La reprise du congrès et la paix qui sera peut être faite dans ce moment, feront evanouir tous les projets que la France et la Suede pourroient avoir pour une mediation. Cependant comme il pourra encore arriver des accidens qu'on ne peut prevoir, on ne perdra pas cette idée de vûe. Tout depend de la manière dont Mr Durand sera reçu. On n'a encore aucune nouvelle de son arrivée à Petersbourg. Celà est desesperé, car le tems presse pour prendre un parti.
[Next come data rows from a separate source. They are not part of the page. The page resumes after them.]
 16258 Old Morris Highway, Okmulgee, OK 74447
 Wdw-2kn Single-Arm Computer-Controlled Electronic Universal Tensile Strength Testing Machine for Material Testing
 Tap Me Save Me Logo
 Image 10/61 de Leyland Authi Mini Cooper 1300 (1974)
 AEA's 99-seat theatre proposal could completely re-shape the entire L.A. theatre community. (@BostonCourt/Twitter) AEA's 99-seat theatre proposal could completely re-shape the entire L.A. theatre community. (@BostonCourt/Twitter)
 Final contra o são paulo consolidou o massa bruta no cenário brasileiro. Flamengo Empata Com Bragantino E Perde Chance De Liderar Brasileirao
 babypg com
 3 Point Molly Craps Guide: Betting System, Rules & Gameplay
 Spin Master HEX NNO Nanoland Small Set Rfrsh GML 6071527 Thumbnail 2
Les idées de Mr le Duc d'Aiguillon pour la manière de conduire les negociations à S:t Petersbourg sont absolument les mêmes que celles de Votre Majesté. Mes treshumbles depeches precedentes doivent même en faire foy. Les instructions de Mr Durand sont telles que Votre Majesté les desire. La France se charge de tout, et la Suede ne sera sûrement pas compromise. La proposition du renouvellement du traité doit naturellement venir de la Russie et passer par les mains de la France. Il paroit même tres probable que l'on pourra convaincre l'Imperatrice de Russie du peu de fond qu'il y a à faire sur l'amitié des deux Puissances qui lui sont à present unies, et que, n'ayant rien à craindre de la France et de la Suede, leur liaison, loin de lui devenir prejudiciable, ne pourra que lui

être utile.

Voilà, Sire, le resumé de mes conversations avec Mr le Duc d'Aiguillon. Je me propose d'avoir l'honneur de m'étendre d'avantage là dessus avec l'ordinaire prochain.